The Labour Parliament of 1854 was one of the last
significant Chartist gatherings. A page on the Labour Parliament which also
lists the 40 delegates who attended has now been added to Chartist Ancestors.
There is no clear date at which Chartism came to an end. For
many, the disappointments and state backlash of 1848 were enough; others
struggled on to 1858 when the National Charter Association held its final
convention. A few still continued to describe themselves as Chartists for
decades more.
But there is some sense in which 1854 marked the demise of
the Chartist movement. It was both the year in which Chartism’s first
historian, Robert Gammage, ended his account, and the year in which a Chartist
Labour Parliament met and signally failed even to discuss Chartism’s political
demands.
By
the winter of 1853-54, the fight was clearly industrial
and economic. Strikes and the first systematic use of lock-outs by
employers were
rife, and it would surely have been remiss of any socialist organisation
(as
the NCA had been since 1851) to ignore this battleground. Most notably,
the Preston lock-out of 1853-54 was seen as crucially important. The
photograph here shows George Cowell, a leading figure in the events of
that winter, addressing a crowd in the Lancashire town.

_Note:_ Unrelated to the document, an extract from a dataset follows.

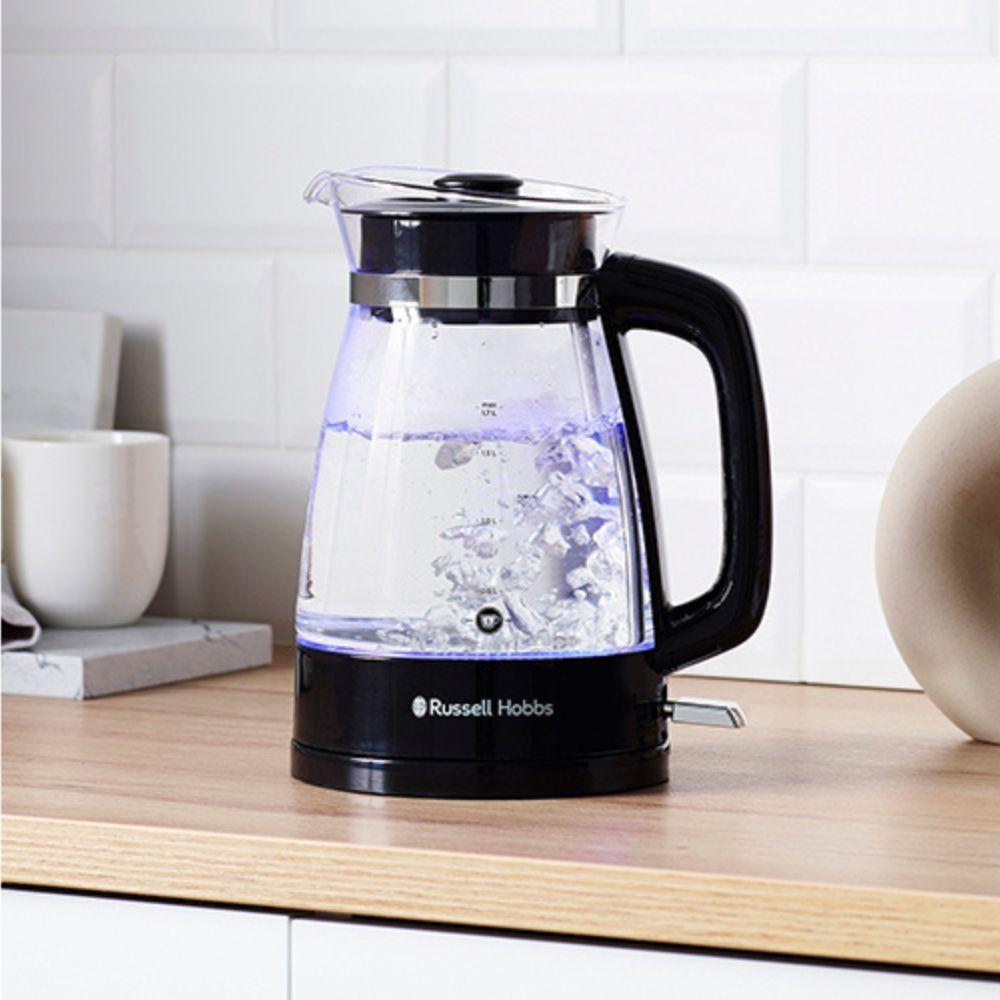 Russell Hobbs Classic Hourglass 1.7L Glass Kettle Black with Blue Illumination and Anti-scale Filter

The Labour Parliament was Ernest Jones’s attempt to tie
together industrial struggle and Chartism. Unfortunately, this was neither a
totally popular move among the remaining Chartist activists, nor an especially
successful one.
A furious Gammage watched in horror as Jones put forward a
scheme for agricultural and factory co-operatives in place of Chartism’s
political demands, recalling that Jones “had always previously pronounced such
schemes as worthless”.
He went on: “The plan did not take. The contributions –
which according to Jones, were to amount to five million pounds a-year – were
not sufficient to pay the salaries of the Executive, who were involved in a
debt of £18, which rested upon the shoulders of a single individual.”
Realising the plan was doomed, Jones now “advised the people
to send no monies but what were sufficient to pay off the debt”, and, according
to Gammage, declared the failure of the scheme to be evidence that the people
were becoming more convinced of the need to gain political power.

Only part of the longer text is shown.